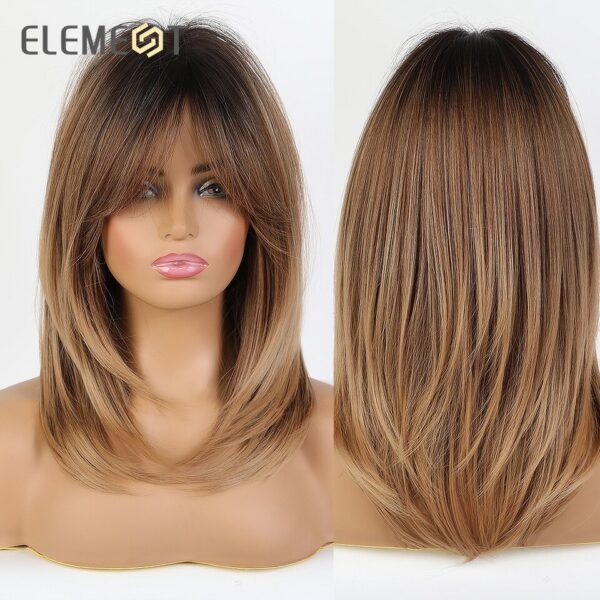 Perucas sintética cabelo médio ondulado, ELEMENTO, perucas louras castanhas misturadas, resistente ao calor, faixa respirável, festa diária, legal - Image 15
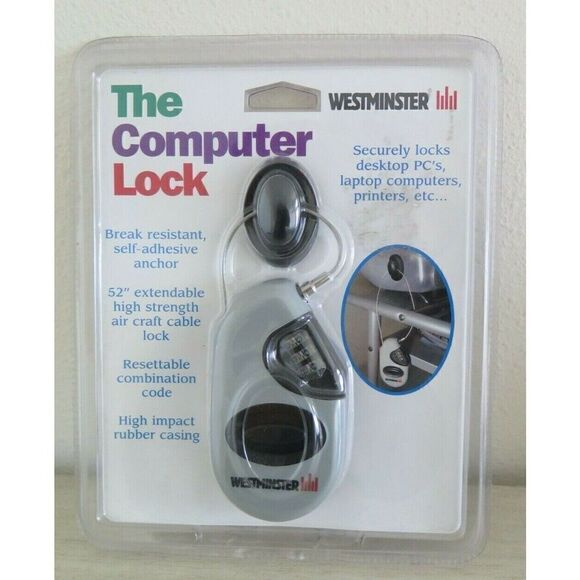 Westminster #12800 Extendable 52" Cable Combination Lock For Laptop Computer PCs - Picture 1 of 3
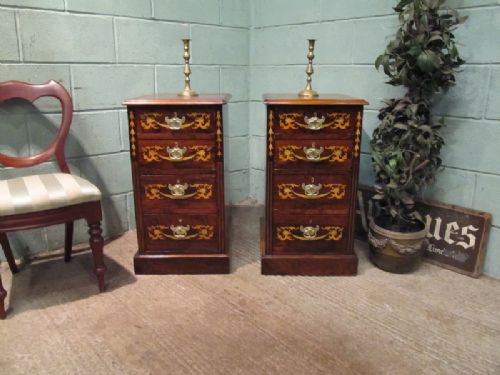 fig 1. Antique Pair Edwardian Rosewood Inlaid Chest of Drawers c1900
--
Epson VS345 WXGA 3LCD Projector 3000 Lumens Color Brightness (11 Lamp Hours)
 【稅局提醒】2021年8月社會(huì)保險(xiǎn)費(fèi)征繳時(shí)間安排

**Task**
Would you output only the span of the records above that opens with the line containing "Perucas sintética cabelo" and closes with the line containing "fig 1. Antique", ends included and pictures dropped?

**Result for this task**
 Perucas sintética cabelo médio ondulado, ELEMENTO, perucas louras castanhas misturadas, resistente ao calor, faixa respirável, festa diária, legal - Image 15
 Westminster #12800 Extendable 52" Cable Combination Lock For Laptop Computer PCs - Picture 1 of 3
 fig 1. Antique Pair Edwardian Rosewood Inlaid Chest of Drawers c1900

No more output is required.